Excerpts from a dataset
[Start of section]

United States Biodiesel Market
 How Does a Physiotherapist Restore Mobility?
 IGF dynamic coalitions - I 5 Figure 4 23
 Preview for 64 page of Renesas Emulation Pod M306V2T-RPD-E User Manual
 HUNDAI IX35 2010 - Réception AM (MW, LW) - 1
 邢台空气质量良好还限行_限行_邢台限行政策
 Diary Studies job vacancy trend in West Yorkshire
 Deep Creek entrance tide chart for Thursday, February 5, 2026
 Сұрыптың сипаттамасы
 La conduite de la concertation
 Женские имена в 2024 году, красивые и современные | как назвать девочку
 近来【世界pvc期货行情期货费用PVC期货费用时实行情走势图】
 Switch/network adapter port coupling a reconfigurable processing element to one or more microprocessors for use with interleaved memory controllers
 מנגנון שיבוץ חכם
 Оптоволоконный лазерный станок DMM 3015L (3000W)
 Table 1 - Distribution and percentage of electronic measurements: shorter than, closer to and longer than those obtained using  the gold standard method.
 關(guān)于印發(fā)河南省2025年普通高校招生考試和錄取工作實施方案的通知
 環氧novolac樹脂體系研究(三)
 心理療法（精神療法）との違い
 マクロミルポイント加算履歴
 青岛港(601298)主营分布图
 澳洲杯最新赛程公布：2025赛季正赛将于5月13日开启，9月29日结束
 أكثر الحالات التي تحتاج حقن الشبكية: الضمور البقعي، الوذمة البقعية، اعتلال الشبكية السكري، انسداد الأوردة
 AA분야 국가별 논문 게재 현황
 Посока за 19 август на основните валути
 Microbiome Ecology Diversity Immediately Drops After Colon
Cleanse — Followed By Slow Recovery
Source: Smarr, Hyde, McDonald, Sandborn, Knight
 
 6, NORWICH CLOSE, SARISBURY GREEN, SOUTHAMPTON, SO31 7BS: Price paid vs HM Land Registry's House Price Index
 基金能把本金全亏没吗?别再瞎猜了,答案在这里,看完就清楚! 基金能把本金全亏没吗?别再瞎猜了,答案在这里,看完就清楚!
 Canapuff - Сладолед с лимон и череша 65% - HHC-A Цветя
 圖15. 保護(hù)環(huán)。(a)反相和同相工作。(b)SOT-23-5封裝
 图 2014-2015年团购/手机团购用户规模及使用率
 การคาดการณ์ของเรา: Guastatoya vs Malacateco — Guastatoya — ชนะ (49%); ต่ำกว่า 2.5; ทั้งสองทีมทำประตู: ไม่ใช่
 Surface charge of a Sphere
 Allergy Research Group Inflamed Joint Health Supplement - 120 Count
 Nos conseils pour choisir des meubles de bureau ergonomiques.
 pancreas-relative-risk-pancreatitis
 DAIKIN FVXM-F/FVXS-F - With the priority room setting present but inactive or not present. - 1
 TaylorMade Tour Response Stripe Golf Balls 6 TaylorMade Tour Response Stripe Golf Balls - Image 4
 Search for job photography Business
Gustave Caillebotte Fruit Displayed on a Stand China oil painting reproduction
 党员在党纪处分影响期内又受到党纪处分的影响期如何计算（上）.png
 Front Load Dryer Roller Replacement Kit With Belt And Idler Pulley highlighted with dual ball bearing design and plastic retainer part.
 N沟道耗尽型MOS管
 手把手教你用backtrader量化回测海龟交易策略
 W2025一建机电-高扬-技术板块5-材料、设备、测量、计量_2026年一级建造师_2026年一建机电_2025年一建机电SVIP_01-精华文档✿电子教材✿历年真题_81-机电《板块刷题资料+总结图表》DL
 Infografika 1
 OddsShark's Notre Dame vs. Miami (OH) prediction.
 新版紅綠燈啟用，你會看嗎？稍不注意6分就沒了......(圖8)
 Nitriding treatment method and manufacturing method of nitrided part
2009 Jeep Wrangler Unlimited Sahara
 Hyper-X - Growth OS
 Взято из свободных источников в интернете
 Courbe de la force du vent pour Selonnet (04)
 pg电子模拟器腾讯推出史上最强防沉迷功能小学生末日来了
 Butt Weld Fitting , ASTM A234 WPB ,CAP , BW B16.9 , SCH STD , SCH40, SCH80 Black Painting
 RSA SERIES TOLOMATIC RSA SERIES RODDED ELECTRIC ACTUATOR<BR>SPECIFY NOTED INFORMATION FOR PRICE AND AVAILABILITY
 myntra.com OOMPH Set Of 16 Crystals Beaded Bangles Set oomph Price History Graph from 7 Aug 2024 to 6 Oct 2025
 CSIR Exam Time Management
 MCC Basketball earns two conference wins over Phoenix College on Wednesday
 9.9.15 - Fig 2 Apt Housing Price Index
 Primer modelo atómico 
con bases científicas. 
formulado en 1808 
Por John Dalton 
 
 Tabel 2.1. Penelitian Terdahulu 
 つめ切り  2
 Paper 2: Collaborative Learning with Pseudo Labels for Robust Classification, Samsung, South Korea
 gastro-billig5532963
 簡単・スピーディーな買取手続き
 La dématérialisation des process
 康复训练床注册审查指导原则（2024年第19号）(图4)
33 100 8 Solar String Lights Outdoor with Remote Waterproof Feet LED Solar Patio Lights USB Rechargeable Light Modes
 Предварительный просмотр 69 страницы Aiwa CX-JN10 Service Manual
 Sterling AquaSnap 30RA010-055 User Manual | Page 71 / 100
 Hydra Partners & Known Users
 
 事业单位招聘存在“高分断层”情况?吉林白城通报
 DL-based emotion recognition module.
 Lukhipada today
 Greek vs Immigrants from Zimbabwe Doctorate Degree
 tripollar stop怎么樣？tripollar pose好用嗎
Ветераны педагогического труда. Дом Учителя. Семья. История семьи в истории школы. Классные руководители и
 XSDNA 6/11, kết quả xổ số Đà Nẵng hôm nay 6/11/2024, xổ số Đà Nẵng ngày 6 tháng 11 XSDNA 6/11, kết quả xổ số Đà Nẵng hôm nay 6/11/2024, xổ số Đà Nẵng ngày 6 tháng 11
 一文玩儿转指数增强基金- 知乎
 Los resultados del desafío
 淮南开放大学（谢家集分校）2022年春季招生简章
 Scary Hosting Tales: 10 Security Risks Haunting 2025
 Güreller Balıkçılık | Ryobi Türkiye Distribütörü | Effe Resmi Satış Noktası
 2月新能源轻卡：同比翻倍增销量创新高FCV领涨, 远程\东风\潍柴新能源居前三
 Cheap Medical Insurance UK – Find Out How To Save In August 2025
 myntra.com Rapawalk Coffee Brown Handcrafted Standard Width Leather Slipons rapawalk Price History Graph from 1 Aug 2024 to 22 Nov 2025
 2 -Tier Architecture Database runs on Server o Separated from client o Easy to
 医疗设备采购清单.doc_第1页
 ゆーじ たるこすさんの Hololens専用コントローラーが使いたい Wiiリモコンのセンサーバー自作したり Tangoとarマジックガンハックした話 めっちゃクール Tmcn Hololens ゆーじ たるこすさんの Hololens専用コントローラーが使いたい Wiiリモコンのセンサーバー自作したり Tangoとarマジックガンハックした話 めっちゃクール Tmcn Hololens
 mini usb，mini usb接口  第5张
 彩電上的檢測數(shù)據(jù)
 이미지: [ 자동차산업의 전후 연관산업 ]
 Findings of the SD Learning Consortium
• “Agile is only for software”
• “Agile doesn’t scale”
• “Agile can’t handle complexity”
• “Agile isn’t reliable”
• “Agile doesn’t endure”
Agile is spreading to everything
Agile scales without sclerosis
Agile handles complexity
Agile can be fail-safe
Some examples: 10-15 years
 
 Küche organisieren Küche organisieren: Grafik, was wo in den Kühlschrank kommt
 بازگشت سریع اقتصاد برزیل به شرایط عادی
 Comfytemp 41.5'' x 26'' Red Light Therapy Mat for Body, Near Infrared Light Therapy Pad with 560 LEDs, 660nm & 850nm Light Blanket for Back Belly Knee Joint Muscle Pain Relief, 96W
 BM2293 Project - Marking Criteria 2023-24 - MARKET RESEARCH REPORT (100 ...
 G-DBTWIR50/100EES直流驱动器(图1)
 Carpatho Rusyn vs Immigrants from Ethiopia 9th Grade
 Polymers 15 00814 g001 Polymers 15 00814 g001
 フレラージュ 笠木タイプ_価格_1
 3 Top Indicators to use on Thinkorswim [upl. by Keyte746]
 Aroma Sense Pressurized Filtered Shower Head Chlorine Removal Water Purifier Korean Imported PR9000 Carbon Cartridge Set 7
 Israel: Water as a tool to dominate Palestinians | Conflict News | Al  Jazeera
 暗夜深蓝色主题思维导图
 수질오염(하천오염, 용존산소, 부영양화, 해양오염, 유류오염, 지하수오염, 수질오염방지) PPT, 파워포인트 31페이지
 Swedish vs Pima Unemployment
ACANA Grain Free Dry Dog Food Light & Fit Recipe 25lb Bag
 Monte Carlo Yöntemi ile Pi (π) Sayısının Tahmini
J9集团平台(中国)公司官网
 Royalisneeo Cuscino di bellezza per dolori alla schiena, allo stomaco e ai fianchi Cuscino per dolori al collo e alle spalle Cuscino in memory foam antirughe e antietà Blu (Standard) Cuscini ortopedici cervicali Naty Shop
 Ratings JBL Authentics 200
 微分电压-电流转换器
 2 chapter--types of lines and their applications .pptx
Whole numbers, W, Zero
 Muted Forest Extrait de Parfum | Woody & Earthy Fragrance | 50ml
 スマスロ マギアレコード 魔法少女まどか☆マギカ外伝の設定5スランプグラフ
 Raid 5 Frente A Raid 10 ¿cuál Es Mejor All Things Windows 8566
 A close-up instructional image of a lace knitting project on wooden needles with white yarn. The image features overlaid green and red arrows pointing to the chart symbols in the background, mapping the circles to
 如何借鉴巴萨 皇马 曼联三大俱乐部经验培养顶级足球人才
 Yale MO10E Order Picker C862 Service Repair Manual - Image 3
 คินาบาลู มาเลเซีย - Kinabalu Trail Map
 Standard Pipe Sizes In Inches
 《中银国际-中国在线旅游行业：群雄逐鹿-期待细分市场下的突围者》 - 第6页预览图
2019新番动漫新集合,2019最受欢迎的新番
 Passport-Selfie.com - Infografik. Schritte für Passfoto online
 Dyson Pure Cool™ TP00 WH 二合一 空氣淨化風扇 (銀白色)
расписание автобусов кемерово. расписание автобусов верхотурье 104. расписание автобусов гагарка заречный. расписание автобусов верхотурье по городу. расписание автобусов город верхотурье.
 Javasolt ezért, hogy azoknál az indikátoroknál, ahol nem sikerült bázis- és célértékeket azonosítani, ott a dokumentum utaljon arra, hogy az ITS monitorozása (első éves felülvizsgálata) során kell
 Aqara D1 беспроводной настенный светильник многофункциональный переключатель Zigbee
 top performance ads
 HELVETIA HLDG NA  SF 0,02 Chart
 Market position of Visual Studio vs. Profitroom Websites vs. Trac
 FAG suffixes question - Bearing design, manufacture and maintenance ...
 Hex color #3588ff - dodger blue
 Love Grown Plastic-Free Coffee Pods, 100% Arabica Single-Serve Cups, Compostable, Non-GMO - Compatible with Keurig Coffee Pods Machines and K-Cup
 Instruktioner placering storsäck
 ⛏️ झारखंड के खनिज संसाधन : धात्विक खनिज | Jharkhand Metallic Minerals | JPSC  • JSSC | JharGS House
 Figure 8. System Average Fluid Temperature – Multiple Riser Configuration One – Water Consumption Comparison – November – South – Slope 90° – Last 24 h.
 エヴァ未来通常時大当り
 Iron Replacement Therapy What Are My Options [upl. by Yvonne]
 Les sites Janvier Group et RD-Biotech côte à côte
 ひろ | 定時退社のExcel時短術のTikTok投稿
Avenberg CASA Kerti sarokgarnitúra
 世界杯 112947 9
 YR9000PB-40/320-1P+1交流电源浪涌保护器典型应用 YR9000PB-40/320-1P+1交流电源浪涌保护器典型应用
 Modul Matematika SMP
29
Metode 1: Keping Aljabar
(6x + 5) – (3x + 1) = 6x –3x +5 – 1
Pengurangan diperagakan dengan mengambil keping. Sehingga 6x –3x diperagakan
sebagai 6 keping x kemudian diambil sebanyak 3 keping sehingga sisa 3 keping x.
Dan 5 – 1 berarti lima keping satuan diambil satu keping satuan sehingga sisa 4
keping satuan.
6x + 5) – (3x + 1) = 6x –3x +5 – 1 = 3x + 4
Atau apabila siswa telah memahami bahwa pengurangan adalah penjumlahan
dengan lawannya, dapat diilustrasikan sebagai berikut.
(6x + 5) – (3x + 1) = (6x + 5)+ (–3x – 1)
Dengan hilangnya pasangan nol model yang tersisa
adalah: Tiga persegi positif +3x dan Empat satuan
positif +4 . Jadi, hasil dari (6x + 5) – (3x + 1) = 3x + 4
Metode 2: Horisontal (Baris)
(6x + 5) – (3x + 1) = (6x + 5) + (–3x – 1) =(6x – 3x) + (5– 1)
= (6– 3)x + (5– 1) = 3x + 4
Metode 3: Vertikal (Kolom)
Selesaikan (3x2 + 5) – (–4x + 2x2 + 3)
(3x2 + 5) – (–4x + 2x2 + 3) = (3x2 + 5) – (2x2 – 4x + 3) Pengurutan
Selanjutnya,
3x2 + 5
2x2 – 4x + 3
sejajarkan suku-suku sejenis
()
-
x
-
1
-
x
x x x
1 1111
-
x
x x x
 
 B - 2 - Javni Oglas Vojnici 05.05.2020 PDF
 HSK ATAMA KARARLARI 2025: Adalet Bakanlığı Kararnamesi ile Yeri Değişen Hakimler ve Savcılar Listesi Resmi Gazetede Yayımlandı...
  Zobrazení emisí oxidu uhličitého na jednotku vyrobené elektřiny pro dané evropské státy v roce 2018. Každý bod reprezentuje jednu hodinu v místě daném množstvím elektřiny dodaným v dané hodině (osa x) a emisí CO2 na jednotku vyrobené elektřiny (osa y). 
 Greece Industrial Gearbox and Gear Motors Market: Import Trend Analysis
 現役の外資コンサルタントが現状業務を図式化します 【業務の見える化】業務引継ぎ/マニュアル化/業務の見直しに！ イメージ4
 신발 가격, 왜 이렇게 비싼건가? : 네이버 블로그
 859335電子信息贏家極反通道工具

[End of section]

Give back exactly the lines from the beginning of the records through the line containing "近来【世界pvc期货行情期货费用PVC期货费用时实行情走势图】", and only those.

United States Biodiesel Market
 How Does a Physiotherapist Restore Mobility?
 IGF dynamic coalitions - I 5 Figure 4 23
 Preview for 64 page of Renesas Emulation Pod M306V2T-RPD-E User Manual
 HUNDAI IX35 2010 - Réception AM (MW, LW) - 1
 邢台空气质量良好还限行_限行_邢台限行政策
 Diary Studies job vacancy trend in West Yorkshire
 Deep Creek entrance tide chart for Thursday, February 5, 2026
 Сұрыптың сипаттамасы
 La conduite de la concertation
 Женские имена в 2024 году, красивые и современные | как назвать девочку
 近来【世界pvc期货行情期货费用PVC期货费用时实行情走势图】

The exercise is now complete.